[Entries taken from a collection]
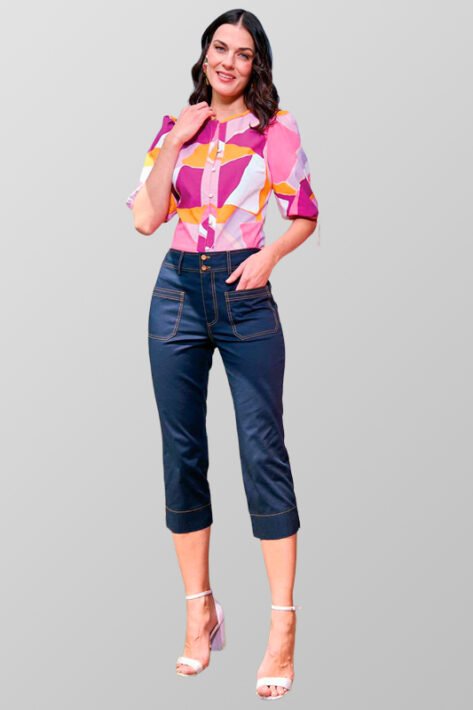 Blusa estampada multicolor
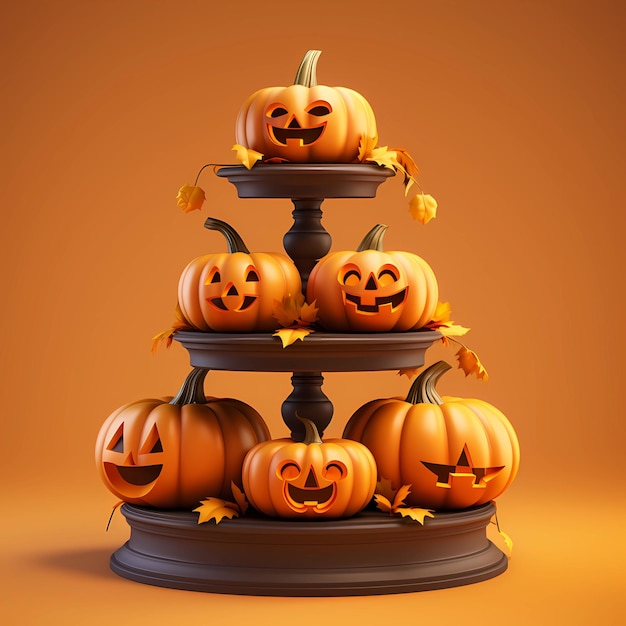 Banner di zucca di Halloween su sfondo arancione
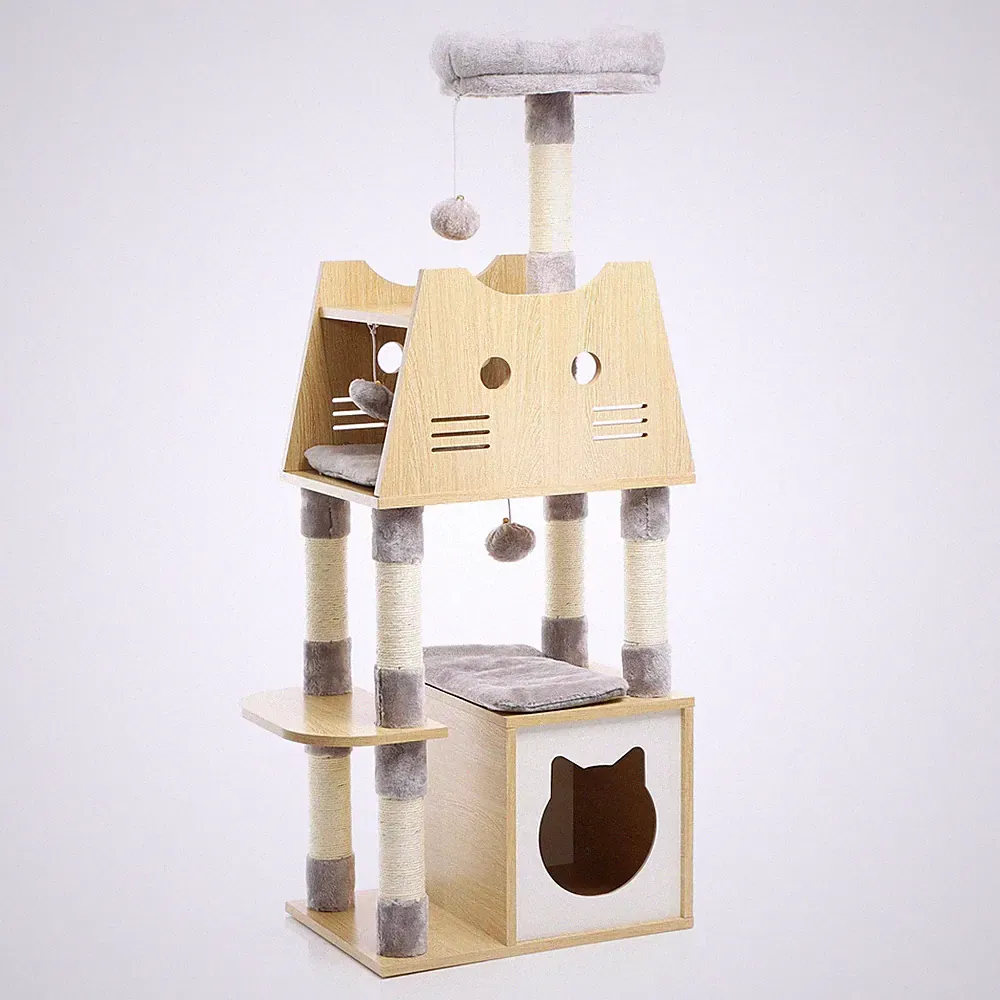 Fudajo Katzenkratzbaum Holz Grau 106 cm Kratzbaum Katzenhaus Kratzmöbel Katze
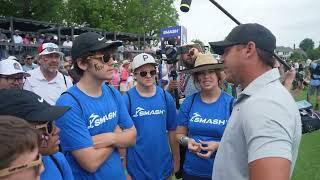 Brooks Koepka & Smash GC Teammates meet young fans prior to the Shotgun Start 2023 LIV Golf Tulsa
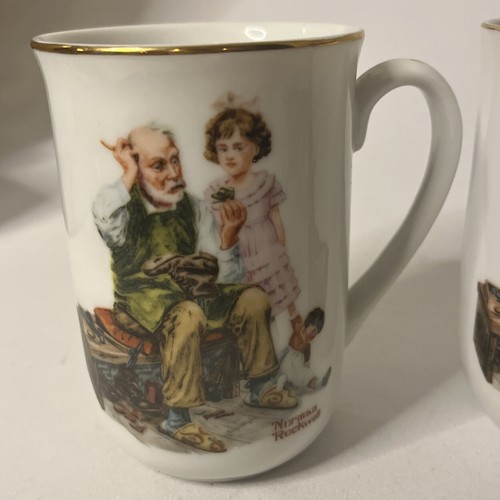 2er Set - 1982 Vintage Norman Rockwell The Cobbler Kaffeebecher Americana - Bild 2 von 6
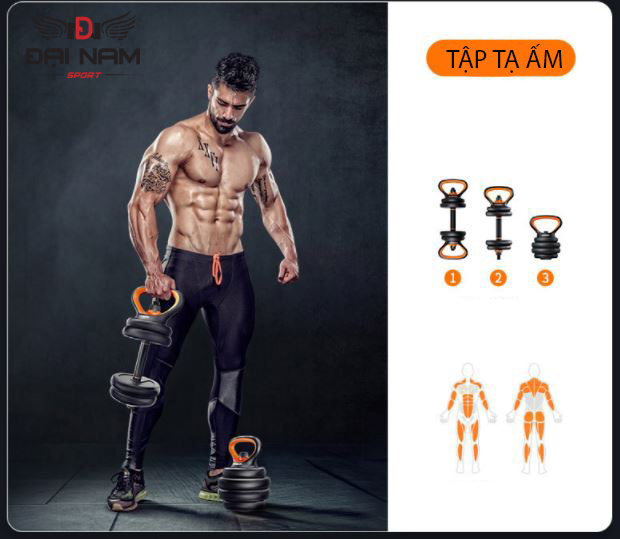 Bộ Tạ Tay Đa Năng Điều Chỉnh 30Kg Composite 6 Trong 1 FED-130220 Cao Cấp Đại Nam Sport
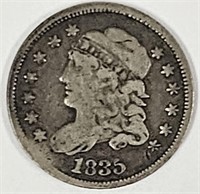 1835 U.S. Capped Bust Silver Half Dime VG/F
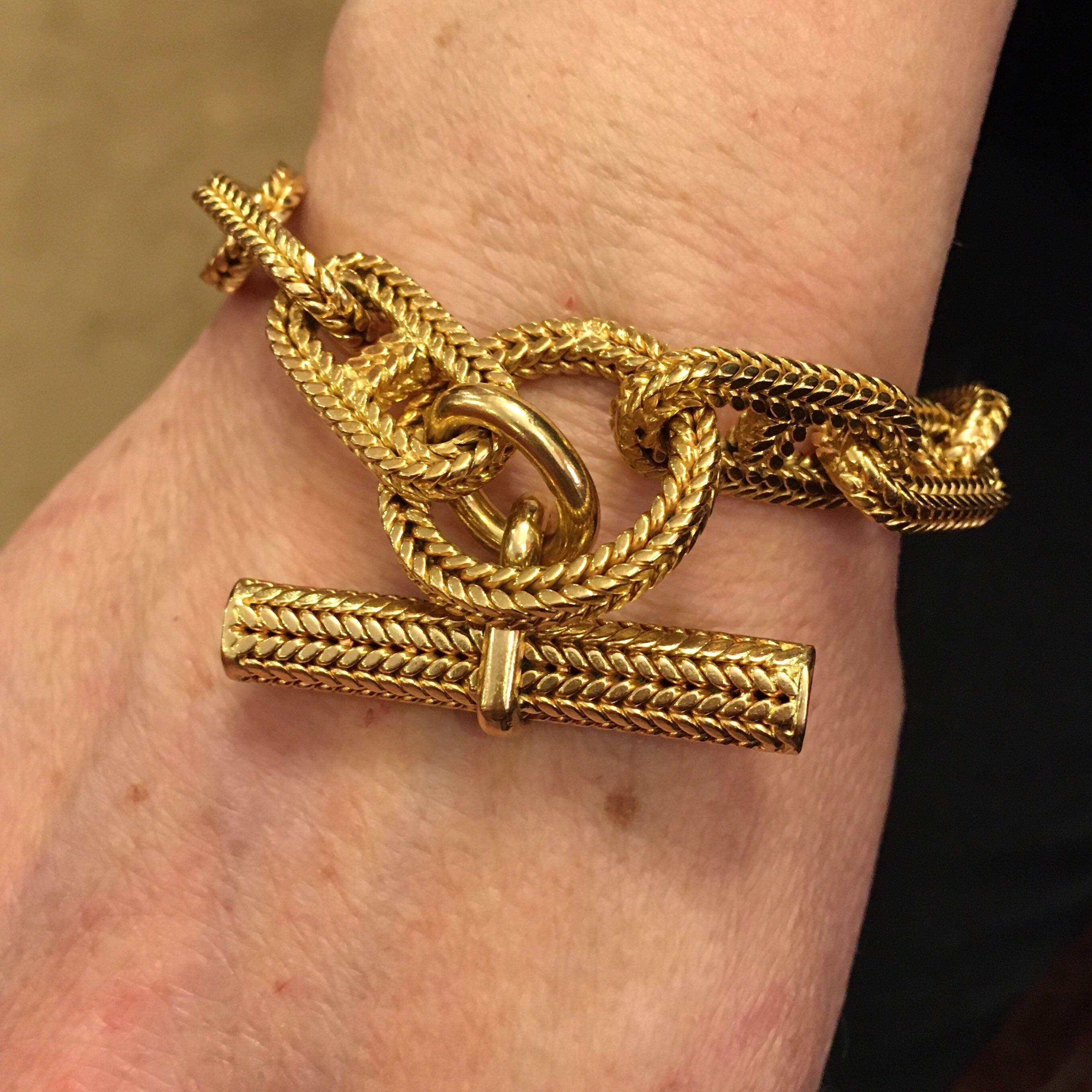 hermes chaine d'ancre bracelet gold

Exercise directions
Your task is to write out, exactly and without pictures, only the lines from the one holding "Banner di zucca" to the last line of the data.

Task result
 Banner di zucca di Halloween su sfondo arancione
 Fudajo Katzenkratzbaum Holz Grau 106 cm Kratzbaum Katzenhaus Kratzmöbel Katze
 Brooks Koepka & Smash GC Teammates meet young fans prior to the Shotgun Start 2023 LIV Golf Tulsa
 2er Set - 1982 Vintage Norman Rockwell The Cobbler Kaffeebecher Americana - Bild 2 von 6
 Bộ Tạ Tay Đa Năng Điều Chỉnh 30Kg Composite 6 Trong 1 FED-130220 Cao Cấp Đại Nam Sport
 1835 U.S. Capped Bust Silver Half Dime VG/F
 hermes chaine d'ancre bracelet gold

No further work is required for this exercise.